III ENERGY BUDGET
Figure 4 and 5 provide a comparison of the energy budget of EVs as compared to ICE vehicles. A running vehicle must develop sufficient propulsion torque in order to overcome road loads viz. (i) acceleration load, (ii) rolling resistance load, (iii) climbing or gradient load, and (iv) air drag load. A typical vehicle having a mass, along with payload of 1000 kg undergoing the city drive cycle (like in Bangalore) will have an energy efficiency of about 16%. This means that for every 100 Wh of energy delivered to the wheels, 500 Wh goes off as engine losses and another 20 Wh go off as transmission losses. The input energy requirement is 620 Wh. If petrol is used as the input fuel, it will work out to 0.065 litres of petrol.

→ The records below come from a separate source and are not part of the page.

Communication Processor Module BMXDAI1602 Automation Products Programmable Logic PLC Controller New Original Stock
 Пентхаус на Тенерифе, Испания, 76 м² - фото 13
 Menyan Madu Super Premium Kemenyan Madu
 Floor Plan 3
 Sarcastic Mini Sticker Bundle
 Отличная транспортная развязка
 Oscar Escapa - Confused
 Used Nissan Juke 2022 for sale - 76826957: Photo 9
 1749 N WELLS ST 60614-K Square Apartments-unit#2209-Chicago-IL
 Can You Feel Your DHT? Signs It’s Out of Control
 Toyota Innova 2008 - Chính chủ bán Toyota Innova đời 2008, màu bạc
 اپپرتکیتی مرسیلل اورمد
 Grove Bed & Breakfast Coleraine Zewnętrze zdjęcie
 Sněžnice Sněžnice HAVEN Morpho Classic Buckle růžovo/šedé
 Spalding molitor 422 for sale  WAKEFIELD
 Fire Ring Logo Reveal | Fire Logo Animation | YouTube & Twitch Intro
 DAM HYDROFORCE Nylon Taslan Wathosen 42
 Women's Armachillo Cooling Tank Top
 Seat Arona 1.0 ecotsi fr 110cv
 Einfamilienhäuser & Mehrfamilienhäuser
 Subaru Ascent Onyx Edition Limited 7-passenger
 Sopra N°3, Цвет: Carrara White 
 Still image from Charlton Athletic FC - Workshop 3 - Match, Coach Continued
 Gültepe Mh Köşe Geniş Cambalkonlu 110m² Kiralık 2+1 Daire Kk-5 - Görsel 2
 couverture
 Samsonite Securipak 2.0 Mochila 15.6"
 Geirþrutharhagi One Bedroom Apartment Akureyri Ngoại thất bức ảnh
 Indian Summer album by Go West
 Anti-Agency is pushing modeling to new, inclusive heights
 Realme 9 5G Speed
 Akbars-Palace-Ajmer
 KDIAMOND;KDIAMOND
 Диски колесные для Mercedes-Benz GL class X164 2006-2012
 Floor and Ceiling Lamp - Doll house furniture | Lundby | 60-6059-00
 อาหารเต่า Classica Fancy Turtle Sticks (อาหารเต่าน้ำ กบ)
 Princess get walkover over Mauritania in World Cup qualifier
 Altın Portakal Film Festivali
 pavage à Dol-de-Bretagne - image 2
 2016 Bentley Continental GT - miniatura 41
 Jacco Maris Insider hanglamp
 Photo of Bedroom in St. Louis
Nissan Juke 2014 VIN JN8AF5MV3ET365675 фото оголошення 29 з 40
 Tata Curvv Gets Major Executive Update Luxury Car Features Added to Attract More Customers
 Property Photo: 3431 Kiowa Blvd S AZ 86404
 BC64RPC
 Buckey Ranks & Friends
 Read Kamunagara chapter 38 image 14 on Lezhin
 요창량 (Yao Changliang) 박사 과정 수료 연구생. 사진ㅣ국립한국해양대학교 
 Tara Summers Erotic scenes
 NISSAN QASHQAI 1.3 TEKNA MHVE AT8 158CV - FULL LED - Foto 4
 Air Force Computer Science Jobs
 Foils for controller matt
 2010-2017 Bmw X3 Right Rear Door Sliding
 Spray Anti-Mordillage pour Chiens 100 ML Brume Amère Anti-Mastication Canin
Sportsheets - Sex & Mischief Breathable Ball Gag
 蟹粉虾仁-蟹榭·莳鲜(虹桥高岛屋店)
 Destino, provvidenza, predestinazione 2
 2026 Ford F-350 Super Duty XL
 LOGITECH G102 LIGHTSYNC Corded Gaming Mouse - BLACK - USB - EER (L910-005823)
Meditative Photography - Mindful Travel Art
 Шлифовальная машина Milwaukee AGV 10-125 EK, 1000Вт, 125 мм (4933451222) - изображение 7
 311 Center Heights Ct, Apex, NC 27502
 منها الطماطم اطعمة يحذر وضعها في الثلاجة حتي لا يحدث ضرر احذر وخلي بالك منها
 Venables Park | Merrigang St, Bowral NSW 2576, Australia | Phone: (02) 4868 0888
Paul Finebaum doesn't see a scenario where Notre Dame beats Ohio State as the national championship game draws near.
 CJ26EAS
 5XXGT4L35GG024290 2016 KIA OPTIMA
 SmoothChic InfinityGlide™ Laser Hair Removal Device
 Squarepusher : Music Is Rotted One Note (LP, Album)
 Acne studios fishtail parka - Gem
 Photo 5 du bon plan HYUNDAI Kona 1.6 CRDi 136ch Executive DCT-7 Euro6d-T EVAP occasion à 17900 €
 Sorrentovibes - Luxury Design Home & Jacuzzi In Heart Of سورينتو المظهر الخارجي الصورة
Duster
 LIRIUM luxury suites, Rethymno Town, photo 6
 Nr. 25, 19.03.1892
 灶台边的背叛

Figure 4: ICE energy budget
On the other hand, in the case of EVs, for every 100 Wh of energy delivered to the wheels, around 40 Wh is lost in charge-discharge loss of batteries and another 20 Wh is lost as transmission loss. This mean that 160 Wh is needed as input energy. In the case of EVs and HEVs, during braking, there is energy recovery of about 4% i.e. 4 Wh. This is recovered back. Therefore, the net input energy required is 156 Wh. This works out to a system energy efficiency of 64%. The energy budget for EVs is shown in Figure 5.
Figure 5: EV energy budget